[Math] SVD on Correlation Matrix

eigenvalues-eigenvectorssvd

By doing some numerical examples I have satisfied myslef that the left and right singular vectors are equal for such matrices.

http://people.revoledu.com/kardi/tutorial/LinearAlgebra/SVD.html

However I would like to see a proof of this mathematically.

Also it seems to contradict the definintion given here:

http://en.wikipedia.org/wiki/Singular_value_decomposition

which says that:

"Non-degenerate singular values always have unique left- and right-singular vectors, up to multiplication by a unit-phase factor eiφ (for the real case up to sign). Consequently, if all singular values of M are non-degenerate and non-zero, then its singular value decomposition is unique, up to multiplication of a column of U by a unit-phase factor and simultaneous multiplication of the corresponding column of V by the same unit-phase factor."
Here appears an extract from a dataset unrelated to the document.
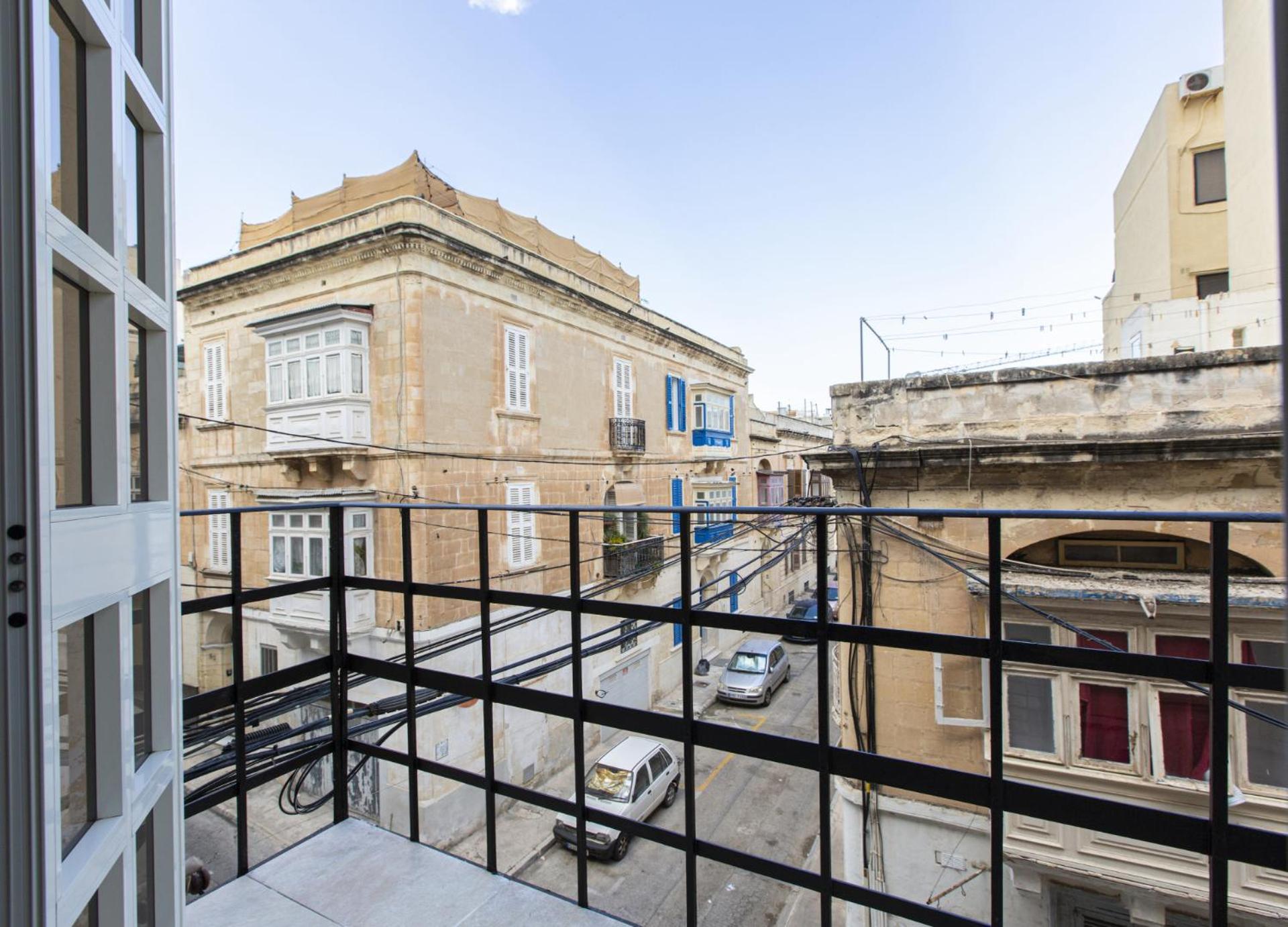 SLIEMA Family Apartment-Hosted by Sweetstay view 3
So how come for a correlation matrix the svd can have equal right and left singular vectors without becoming degenerate?

Baz

Best Answer

Because a correlation matrix is symmetric , the right- and leftmultiplication to SVD/diagonalization are just the transposes of each other. Note, that "unique" does not mean "each one is different" here, but rather: we'll "unambiguously find a definitive solution" for the right- as well for the leftmultiplication.